It seems to me that we have been at this a good long while. Our reflection about sex and gender began with the impetus of feminists in the 1970’s. We as Unitarian Universalist have been far more progressive in responding to the questions of women than responding to other progressive questions. A significant moment came in 1979 when a number of Unitarian feminists gathered in Loveland at the Grailville Conference Center. One of the workshops asked the question “The UU Principles: do they Affirm us as Women?” A resounding no came and they said they also failed to indicate a respect for the wholeness of life and for the earth.
From that gathering at Grailville came the movement to rewrite, degenderize, the Principles and Purposes of the UUA. These are in the front of our hymnal, our degenderized hymnal, and represent the efforts of Unitarian Universalist women supported by their allies.
It is good this day as we welcome new members that our thinking about gender is an integral part of our history. It is also good to acknowledge this on the first Sunday of Women’s History Month. The rights of woman is a concern of many. Even those whose support is questionable are required to at least give lip service to women’s rights. Women’s rights are in issue in the ‘War on Terror,’ as the Iraqi people struggle to develop a new, democratic constitution.
When the US began bombing Afghanistan on October 7, 2001, the oppression of Afghan women was used as a justification for overthrowing the Taliban regime. Five weeks later America's first lady, Laura Bush, stated triumphantly: "Because of our recent military gains in much of Afghanistan, women are no longer imprisoned in their homes. The fight against terrorism is also a fight for the rights and dignity of women."
Today we know that woman in these countries still live in great fear. And not just there. Irene Khan.

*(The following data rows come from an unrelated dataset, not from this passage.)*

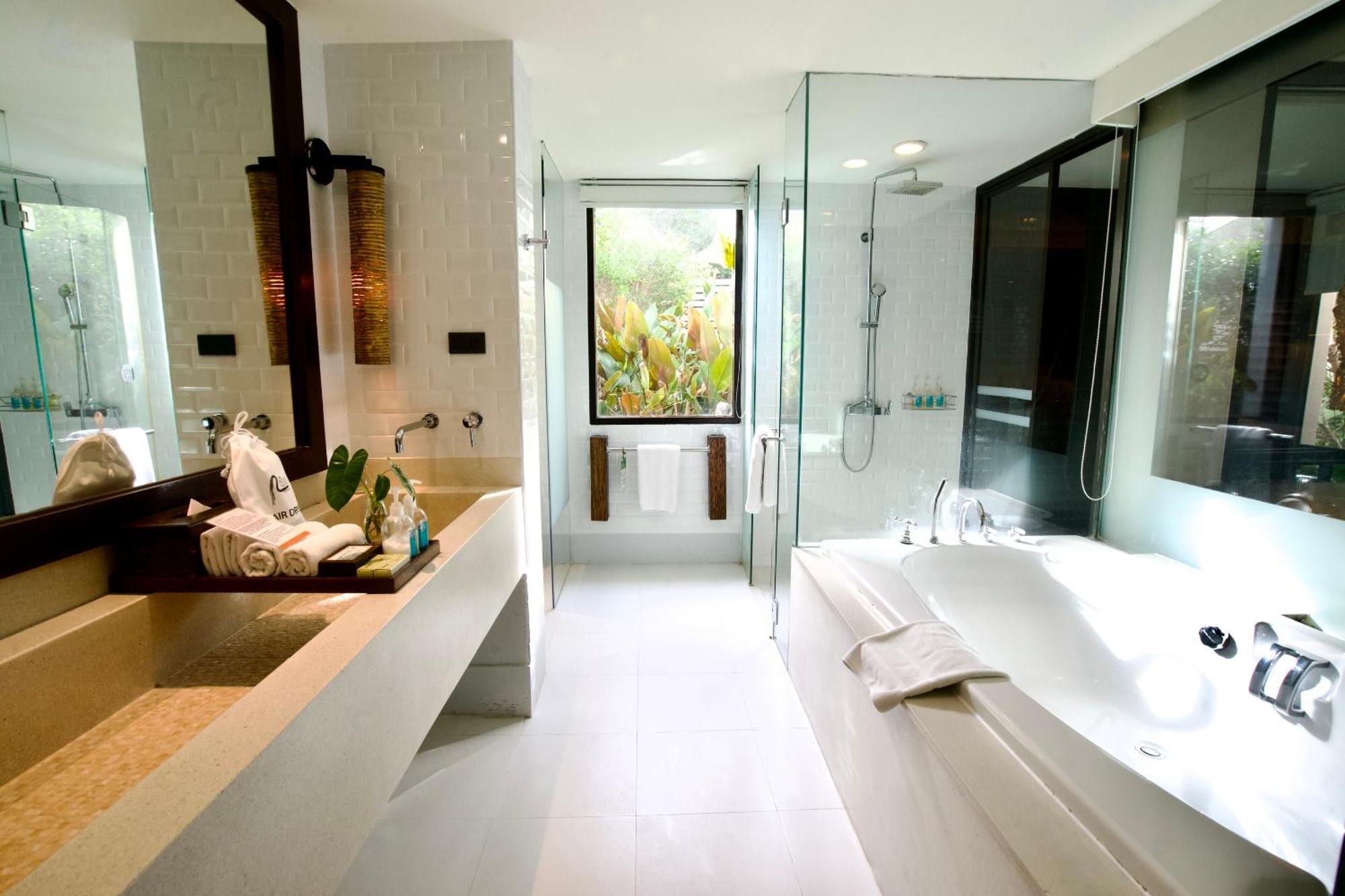 The Rock Beachfront 4* Hua Hin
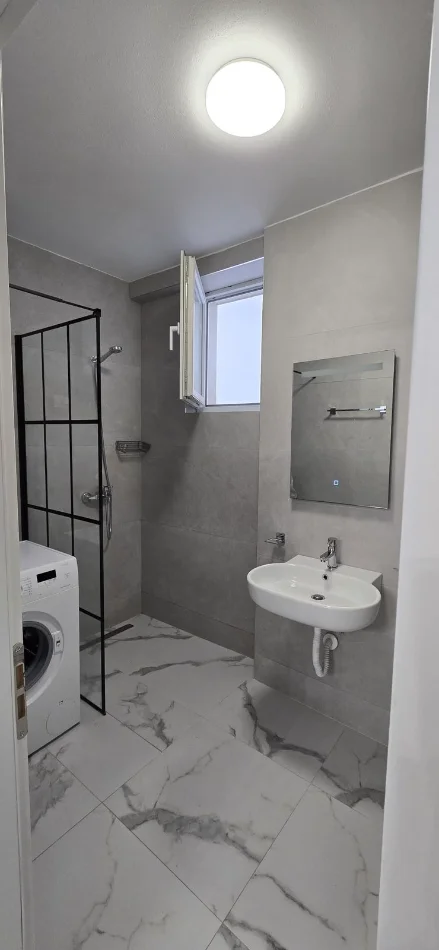 Tirane, jepet me qera apartament 2+1 Kati 3, 82 m² 600 € (LIQENI I THATE)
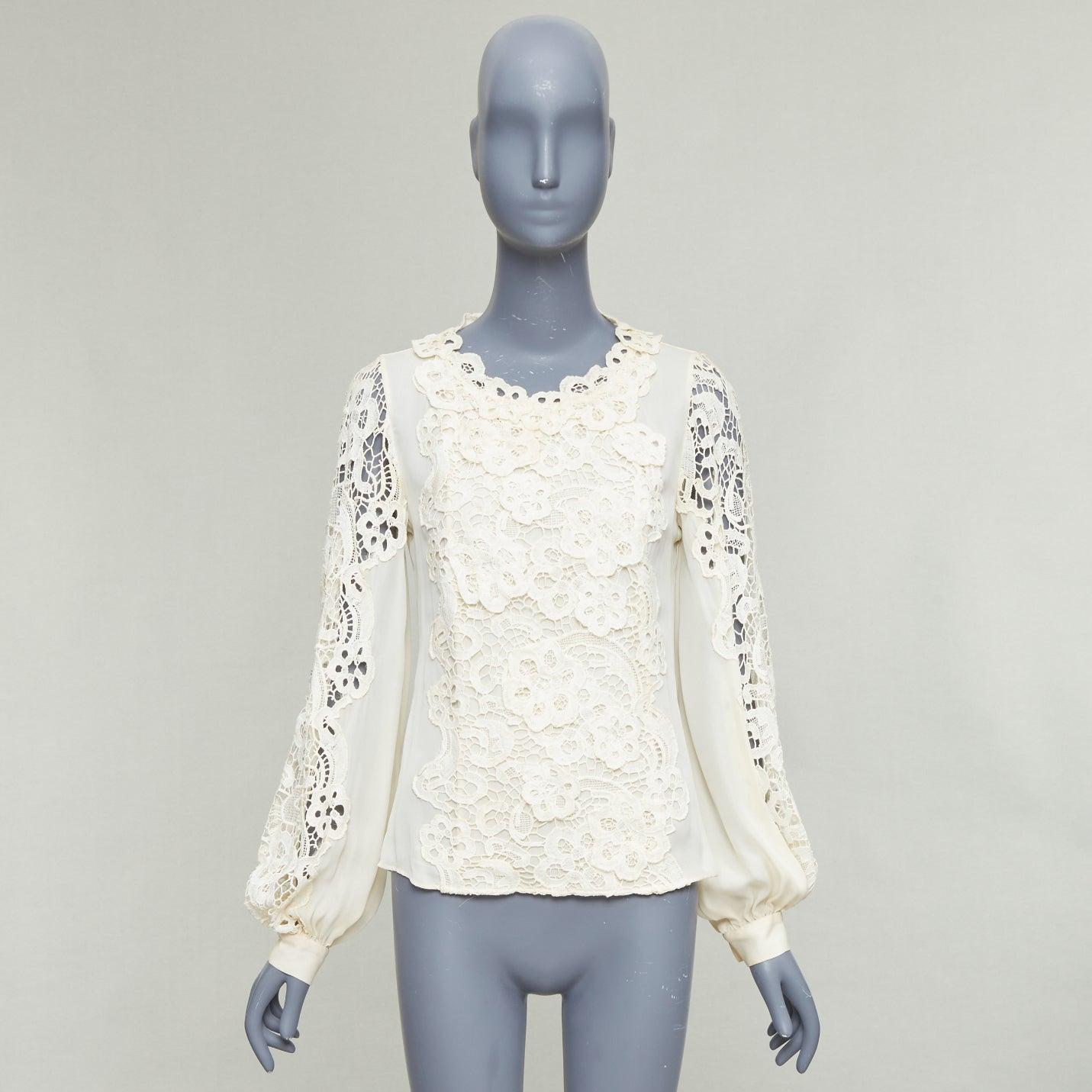 Oscar De La Renta crema 100% seta, pizzo floreale, camicetta peasant con applicazioni US2 S in vendita 4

Secretary General of Amnesty International, reported on Friday that up to one billion women-one in three-had been beaten, forced to have sex or otherwise abused, often by a friend or family member.
I would submit to you that our thinking about sex and gender is not done.

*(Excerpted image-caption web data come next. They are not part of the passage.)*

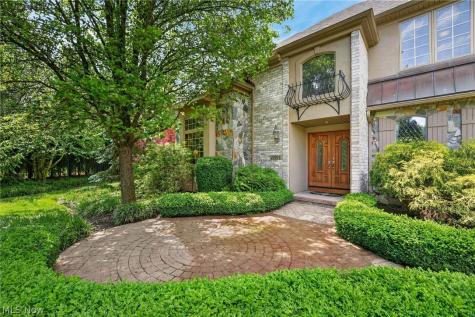 29998 Hilliard Boulevard Westlake OH 44145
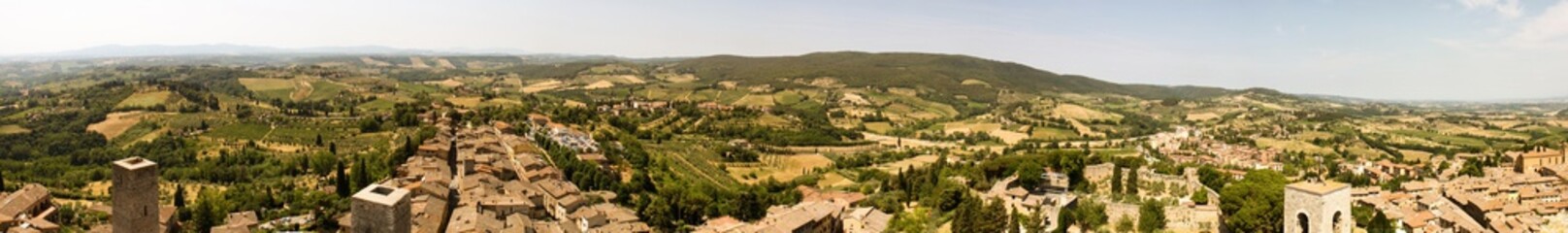 Fototapeta na wymiar San Gimignano panorama 02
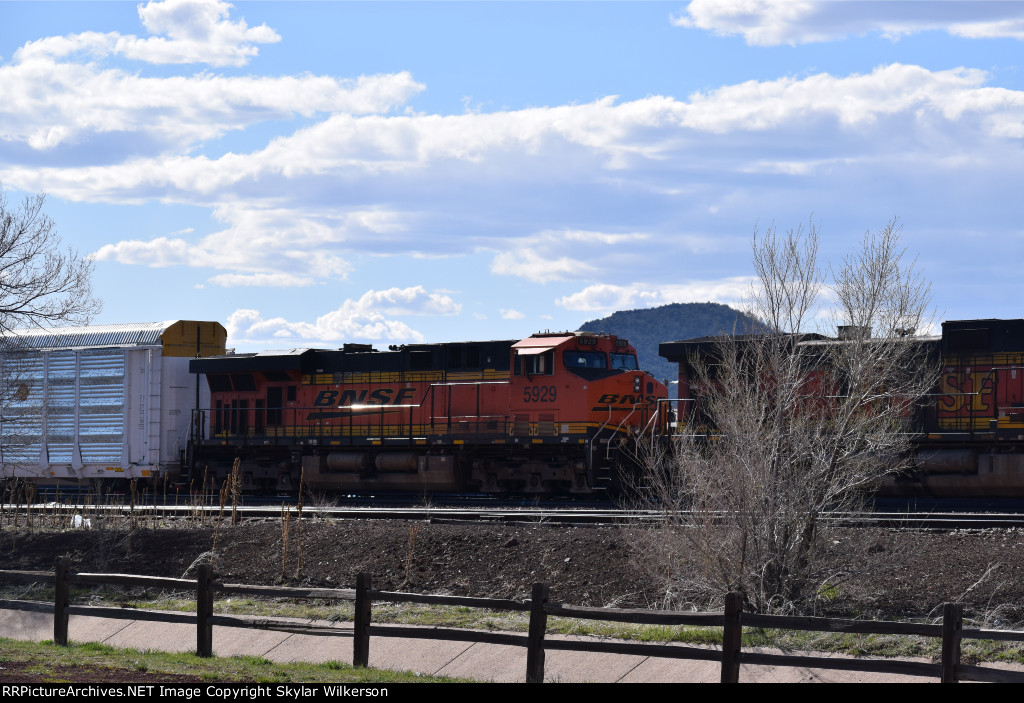 BNSF 5929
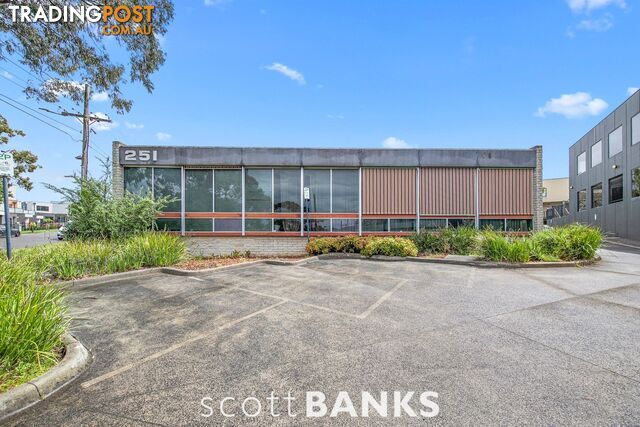251 Blackburn Road Mount Waverley VIC 3149 - photo 3 of 10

That Sandy and Pam need to go to San Francisco to be joined in legal matrimony, we can not but be reminded of the various legal debates that surround the question of gay marriage. The state of Ohio has recently passed a bill outlawing gay marriages saying that marriage is between a man and a woman. The current administration has called for a constitutional amendment prohibiting gays from marrying, and defining marriage as between a man and a woman.

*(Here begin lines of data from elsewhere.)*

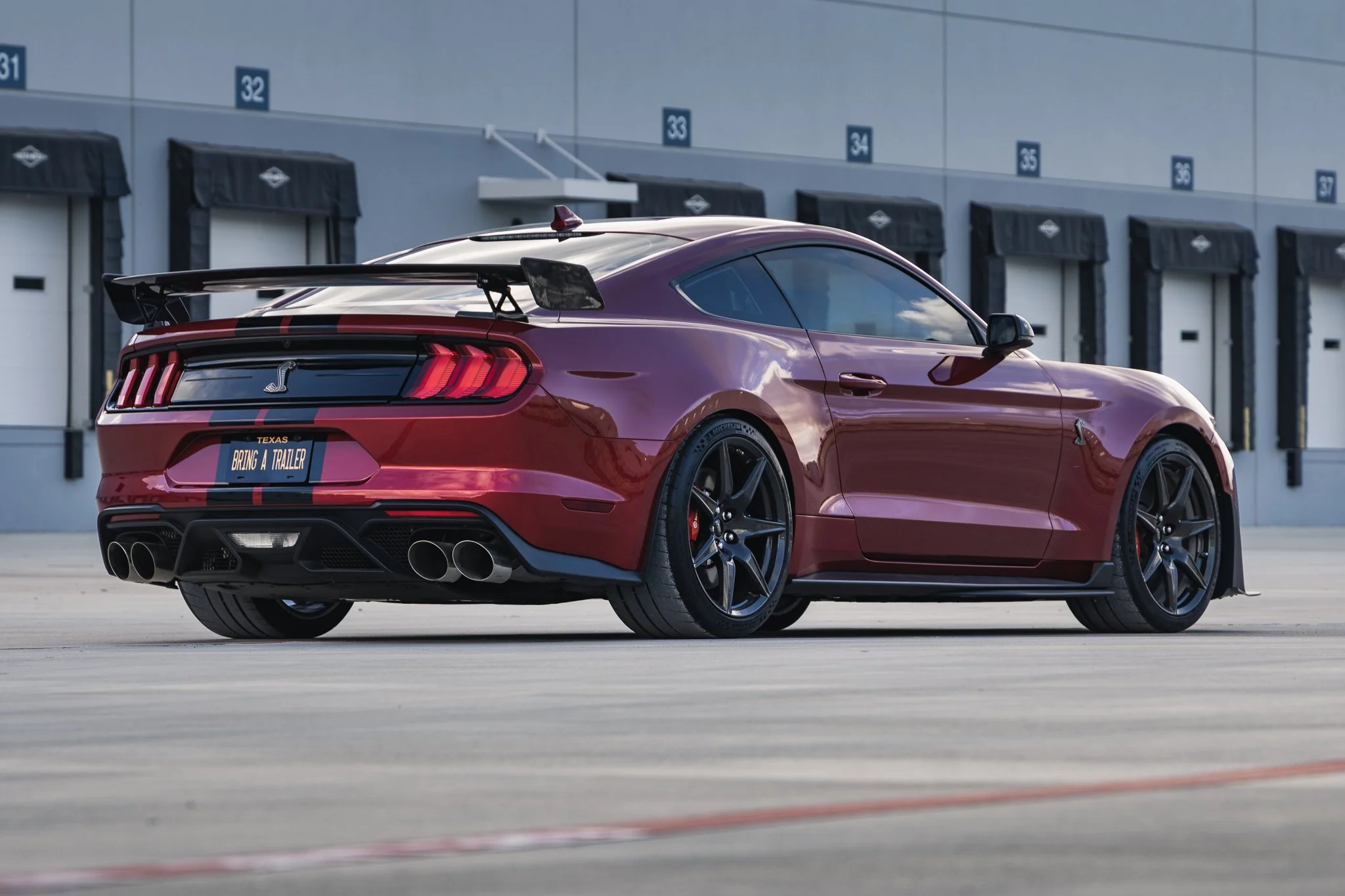 2020 Shelby GT500 CFTP Promo Shots-2.jpg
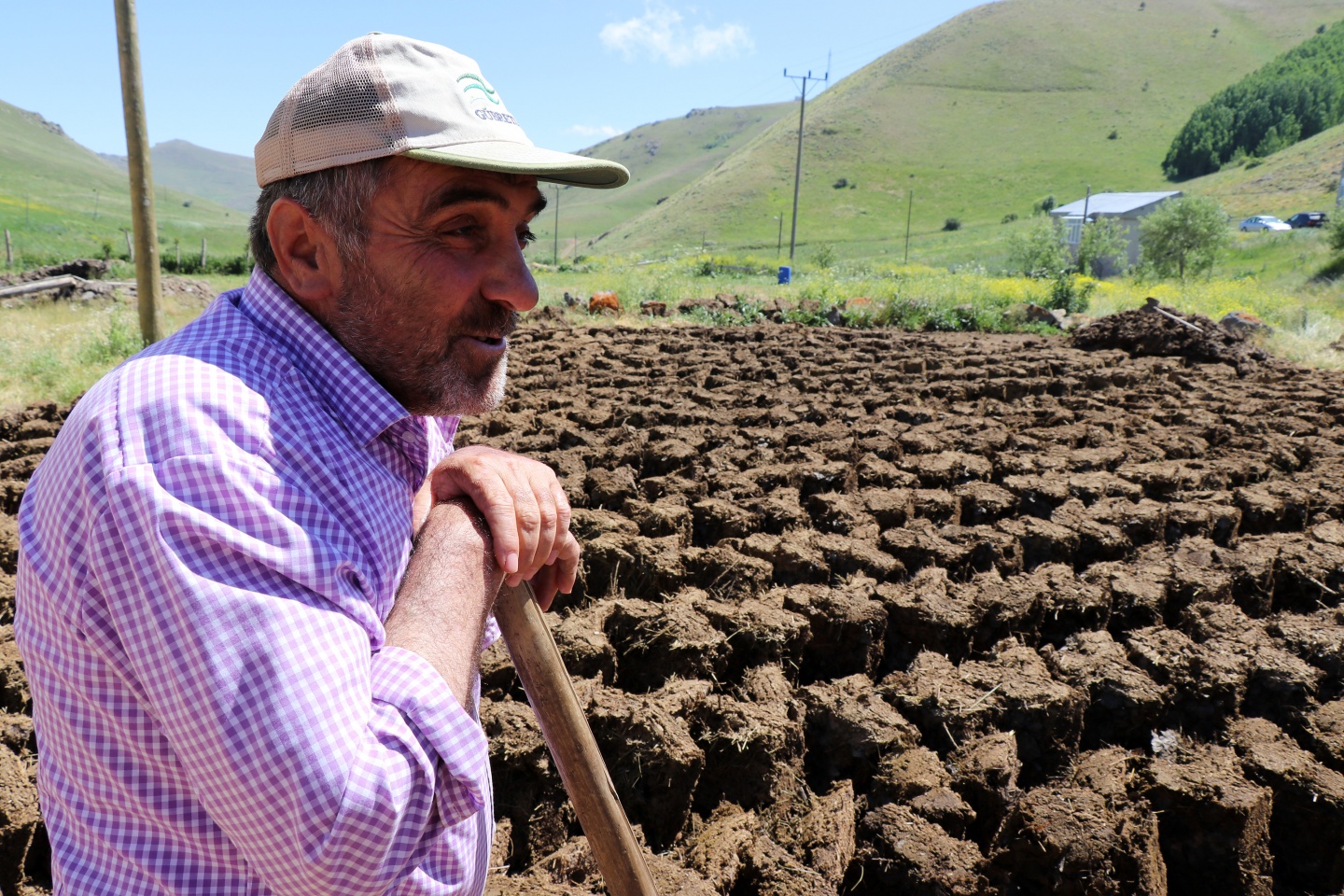 2 ayda yaptıkları tezekleri 12 ay boyunca yakıyorlar 10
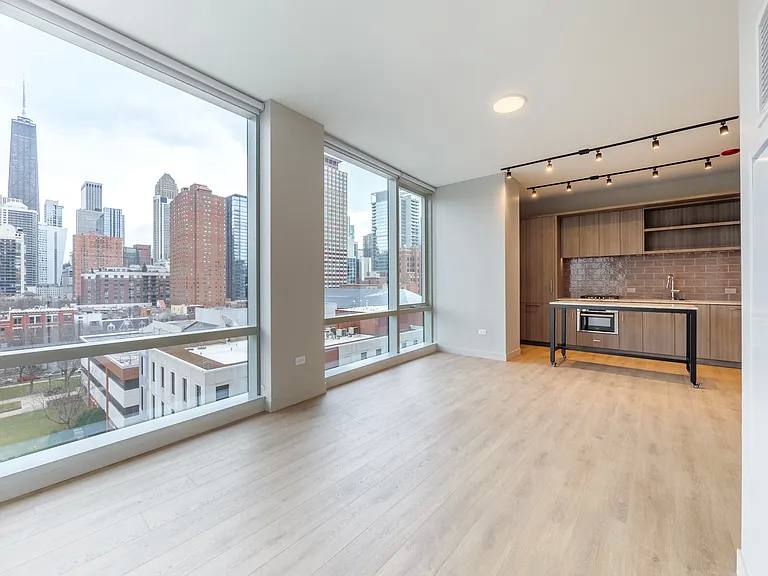 Apartment for rent at 868 N Wells St, Chicago, IL 60610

It is interesting that we need a legal definition of marriage. Why does marriage need to be defined as between a man and a woman? Well, because it hasn’t been defined that way before, for whatever reasons. But once this legal definition of marriage should become the law, people will need to ask, what is a woman? What is a the legal definition of a man. Is a woman defined by sex, by gender? If a male is defined because of anatomy as a man, then it is the doctor who makes the decision. But why does a person have to live with the decision of a doctor when they were only a few minutes old about who they are?
Many people, transgendered people for example, dispute the doctor’s decision, they spend painful years in search of themselves, often disrupting the lives of their loved ones. Why can’t people decide what sex they are, what gender roles they want to suit up for?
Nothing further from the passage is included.